Neither Kelley nor Miller is factually analogous to lend support to Appellant’s position. In Kelley, the defendant was found intoxicated in the passenger seat of a wrecked automobile with the driver’s door open. Kelley, 294 S.W.2d at 404. When questioned, the defendant replied, “they are gone” or “they are not here anymore.” Id. The Court of Criminal Appeals held that the State did not disprove the hypothesis that another person could have driven the vehicle and found the evidence insufficient to support a conviction for driving while intoxicated. Id. at 404-05. Moreover, the State is not required to exclude every other reasonable hypothesis other than the guilt of the defendant. Geesa v. State, 820 S.W.2d 154, 156 (Tex.Crim.App. 1991), overruled on other grounds , Paulson v. State, 28 S.W.3d 570 (Tex.Crim.App. 2000). In Miller, the El Paso court found the evidence to be legally and factually sufficient where the defendant was found asleep behind the wheel of his vehicle that was parked in the middle of the road with the engine running. Miller, 2005 WL 427504, at *5.

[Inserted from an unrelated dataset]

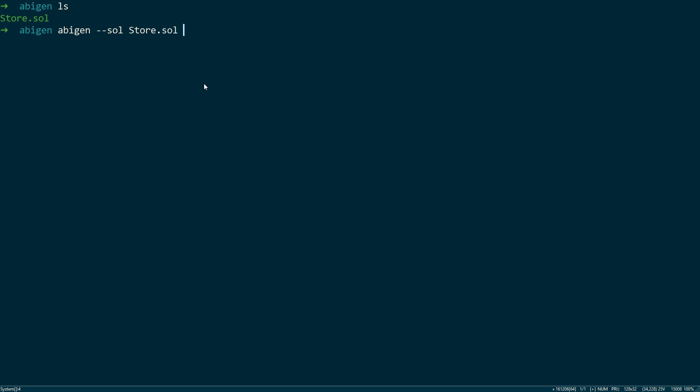Next we need to specify a package. In this case, we're just going to use the main package. And finally, we need to give it an output file, and we're just going to call it store.go.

In Appellant’s case, there is no evidence in the record which suggests anyone other than Appellant operated the vehicle. In fact, the evidence indicates that it would be unlikely, if not illogical, that some unknown driver would switch places with Appellant, exit through the passenger side door, and flee the scene in the forty-five seconds it took for Malone to return to the scene of the collision. The jury, as trier of fact, may choose to believe all, some, or none of any witness's testimony. Sharp v. State, 707 S.W.2d 611, 614 (Tex.Crim.App. 1986). A jury's decision is not manifestly unjust merely because it resolved conflicting views of evidence in favor of the State. Cain, 958 S.W.2d at 410. Viewing the totality of the evidence in the light most favorable to the prosecution, we conclude a rational trier of fact could have found beyond a reasonable doubt that Appellant was the sole operator of the vehicle. Therefore, the trial court did not err in denying Appellant’s motion for directed verdict. We further conclude the evidence is not so weak or so against the overwhelming weight of the evidence as to render the jury's verdict to be clearly wrong and unjust. Appellant's point of error is overruled.
Accordingly, the trial court’s judgment is affirmed.
Patrick A. Pirtle Justice Do not publish.